# Supplied information:

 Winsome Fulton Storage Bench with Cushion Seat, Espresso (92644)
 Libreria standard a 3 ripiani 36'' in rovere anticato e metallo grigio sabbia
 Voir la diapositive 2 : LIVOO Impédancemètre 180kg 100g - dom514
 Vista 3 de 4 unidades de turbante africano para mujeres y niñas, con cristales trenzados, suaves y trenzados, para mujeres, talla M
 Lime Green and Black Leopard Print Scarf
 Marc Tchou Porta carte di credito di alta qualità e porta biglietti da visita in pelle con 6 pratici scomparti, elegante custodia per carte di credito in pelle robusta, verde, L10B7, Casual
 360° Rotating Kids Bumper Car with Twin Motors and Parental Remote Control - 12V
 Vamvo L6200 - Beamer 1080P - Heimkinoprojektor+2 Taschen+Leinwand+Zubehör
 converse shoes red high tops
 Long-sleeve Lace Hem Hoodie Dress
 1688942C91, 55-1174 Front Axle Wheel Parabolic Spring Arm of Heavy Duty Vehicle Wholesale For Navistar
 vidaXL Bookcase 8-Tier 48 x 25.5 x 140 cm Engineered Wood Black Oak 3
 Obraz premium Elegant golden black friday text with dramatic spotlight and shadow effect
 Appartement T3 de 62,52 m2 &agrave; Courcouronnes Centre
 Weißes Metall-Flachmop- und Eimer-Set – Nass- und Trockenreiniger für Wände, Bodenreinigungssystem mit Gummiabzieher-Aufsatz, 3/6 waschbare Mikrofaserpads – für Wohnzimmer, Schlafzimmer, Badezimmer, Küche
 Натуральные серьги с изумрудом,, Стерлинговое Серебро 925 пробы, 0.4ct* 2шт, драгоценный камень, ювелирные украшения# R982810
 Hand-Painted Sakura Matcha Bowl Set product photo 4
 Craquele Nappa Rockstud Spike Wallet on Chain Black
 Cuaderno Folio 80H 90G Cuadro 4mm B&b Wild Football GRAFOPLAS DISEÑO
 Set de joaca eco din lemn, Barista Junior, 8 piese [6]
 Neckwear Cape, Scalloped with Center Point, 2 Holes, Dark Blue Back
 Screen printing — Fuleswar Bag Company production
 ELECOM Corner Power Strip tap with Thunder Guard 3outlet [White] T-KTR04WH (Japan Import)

# What is expected:
This exercise requires an exact copy of all the records.

# Solution:
 Winsome Fulton Storage Bench with Cushion Seat, Espresso (92644)
 Libreria standard a 3 ripiani 36'' in rovere anticato e metallo grigio sabbia
 Voir la diapositive 2 : LIVOO Impédancemètre 180kg 100g - dom514
 Vista 3 de 4 unidades de turbante africano para mujeres y niñas, con cristales trenzados, suaves y trenzados, para mujeres, talla M
 Lime Green and Black Leopard Print Scarf
 Marc Tchou Porta carte di credito di alta qualità e porta biglietti da visita in pelle con 6 pratici scomparti, elegante custodia per carte di credito in pelle robusta, verde, L10B7, Casual
 360° Rotating Kids Bumper Car with Twin Motors and Parental Remote Control - 12V
 Vamvo L6200 - Beamer 1080P - Heimkinoprojektor+2 Taschen+Leinwand+Zubehör
 converse shoes red high tops
 Long-sleeve Lace Hem Hoodie Dress
 1688942C91, 55-1174 Front Axle Wheel Parabolic Spring Arm of Heavy Duty Vehicle Wholesale For Navistar
 vidaXL Bookcase 8-Tier 48 x 25.5 x 140 cm Engineered Wood Black Oak 3
 Obraz premium Elegant golden black friday text with dramatic spotlight and shadow effect
 Appartement T3 de 62,52 m2 &agrave; Courcouronnes Centre
 Weißes Metall-Flachmop- und Eimer-Set – Nass- und Trockenreiniger für Wände, Bodenreinigungssystem mit Gummiabzieher-Aufsatz, 3/6 waschbare Mikrofaserpads – für Wohnzimmer, Schlafzimmer, Badezimmer, Küche
 Натуральные серьги с изумрудом,, Стерлинговое Серебро 925 пробы, 0.4ct* 2шт, драгоценный камень, ювелирные украшения# R982810
 Hand-Painted Sakura Matcha Bowl Set product photo 4
 Craquele Nappa Rockstud Spike Wallet on Chain Black
 Cuaderno Folio 80H 90G Cuadro 4mm B&b Wild Football GRAFOPLAS DISEÑO
 Set de joaca eco din lemn, Barista Junior, 8 piese [6]
 Neckwear Cape, Scalloped with Center Point, 2 Holes, Dark Blue Back
 Screen printing — Fuleswar Bag Company production
 ELECOM Corner Power Strip tap with Thunder Guard 3outlet [White] T-KTR04WH (Japan Import)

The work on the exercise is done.